From Thanksgiving to Christmas, Ray and I nightly watch sappy Christmas movies on Showtime or Hallmark about a straight man and woman who initially irritate one another but find love as they save the family farm, hardware store, or guesthouse in a snowy, picturesque town in Vermont.
We have three criteria in selecting a Christmas movie we wish was gay: 1. We haven’t seen it before; 2. the lead man is handsome; and 3. the lead woman is not so disagreeable that she makes us cringe. Last night, we got so wrapped up in a movie about a Norwegian woman bringing her Indian fiancé home to meet the family that we lost track of time and weren’t dressed for dinner and a concert when our friends who were driving knocked on the door. We quickly made ready, enjoyed the meal, loved the Seraphic Fire Christmas concert, and finished watching the movie, with ice cream sundaes, when we got home.
We lived in the Boston area for 16 years and don’t remember there being much snow at Christmas, but we’re not unhappy imagining a quaint, snow-covered village in Vermont that has a big Christmas tree in the center of town, and wreaths with red bows on every door and window. In these stories, everyone drinks hot chocolate, buys gifts at the outdoor Christmas village and enjoys the music of traveling carolers. The character who initially hated Christmas embraces its magic by the end and looks to the star-filled sky and sees a comet.
We don’t own any Christmas sweaters, socks or ties, and hope to never receive them. But it’s fun watching characters in the movies enjoy them. Nor do we have lights outlining our house’s rooflines and windows, but we have lit wreaths and garlands at the gate, and the inside has been decorated like Santa’s workshop. What makes the movies fun for us is their attempt to create romance in the midst of holiday magic. Love and wonder are a winning combination on and off-screen.
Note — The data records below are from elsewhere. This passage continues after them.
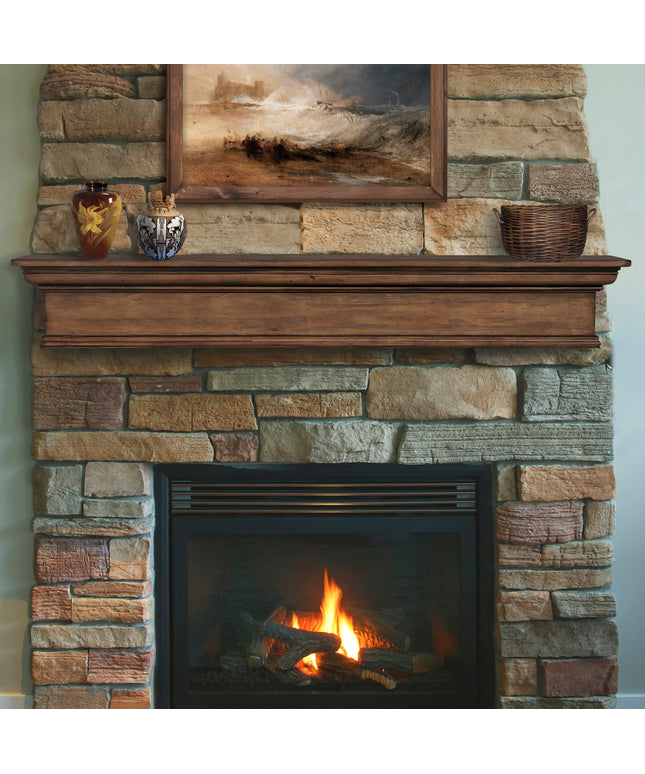 Pearl Mantels 48" Savannah Wood Fireplace Mantel Shelf 420-48-15 - Taos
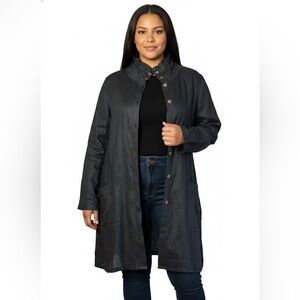 Go Silk 100% Linen Jacket Women’s 1X Gray Long Button Front Lightweight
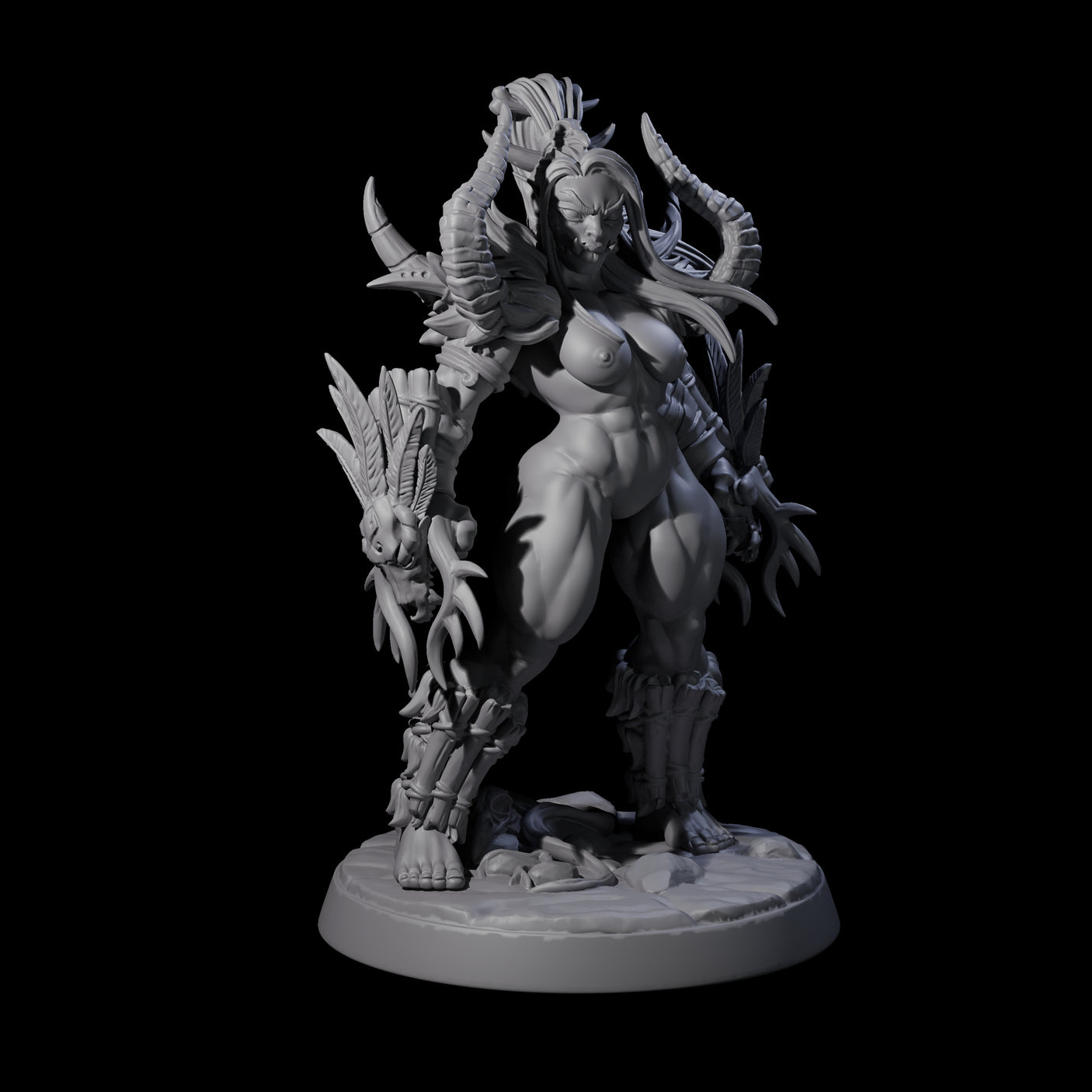 Plotting Orc Shaman Pin-up Miniature for Dungeons and Dragons, Pathfinder or other TTRPGs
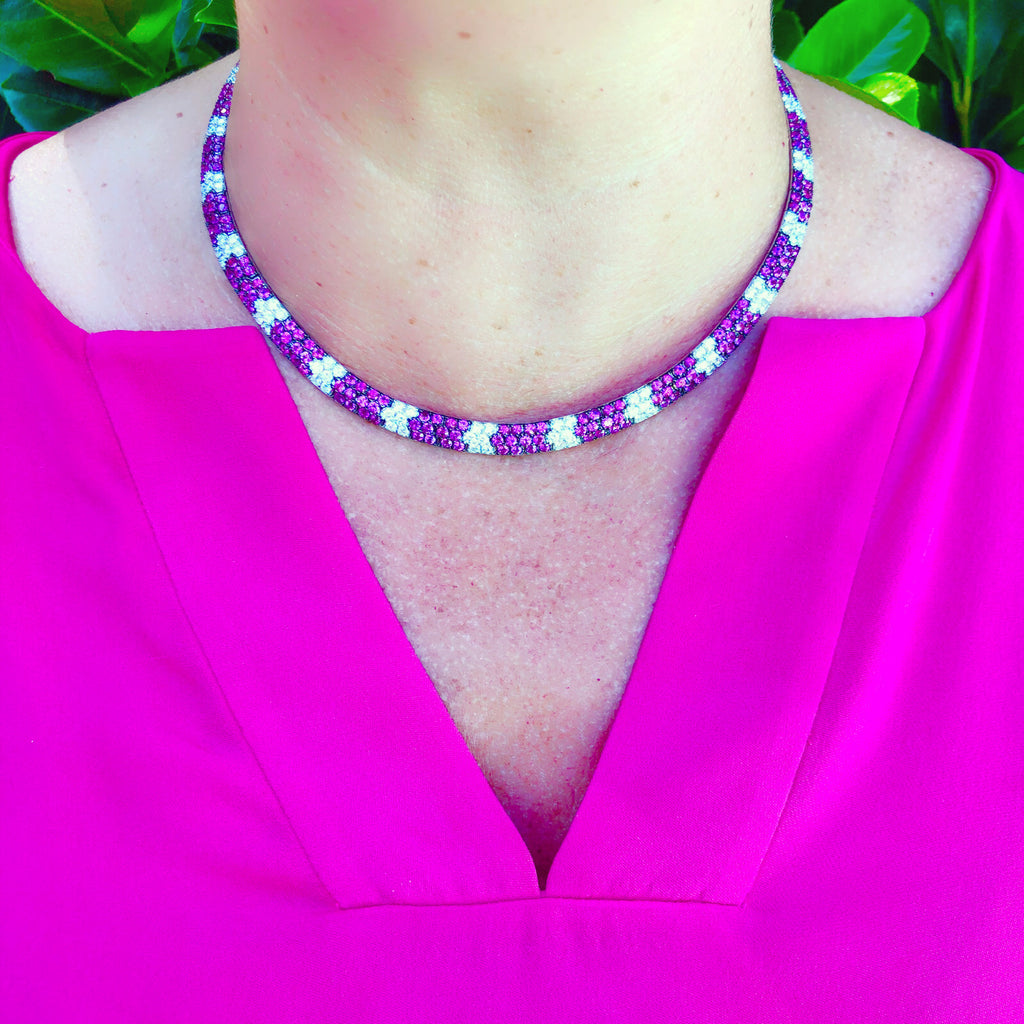 Salavetti Pink Sapphire & Diamond Necklace, Italy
Ray and I each have happy memories of early childhood Christmases, which can never be duplicated because of the lost lens of innocence, but we’ve worked together over nearly 50 years to make each other’s Christmas, and those of our friends, feel like we’re in a Frank Capra movie. Critics called It’s a Wonderful Life “Capracorn,” and “sentimental hogwash.” And yet it has had a bigger impact on American fantasies of Christmas than any other film I can think of, save perhaps “A Christmas Carol.”
We don’t expect to experience in Hallmark and Lifetime movies the feelings we had watching some great holiday films from the past, and we don’t need an angel to remind us that we have wonderful lives, but we love filling the house with sights, sounds, and smells for this brief time of the year to help remind us of the possible feeling of benevolence of family and community.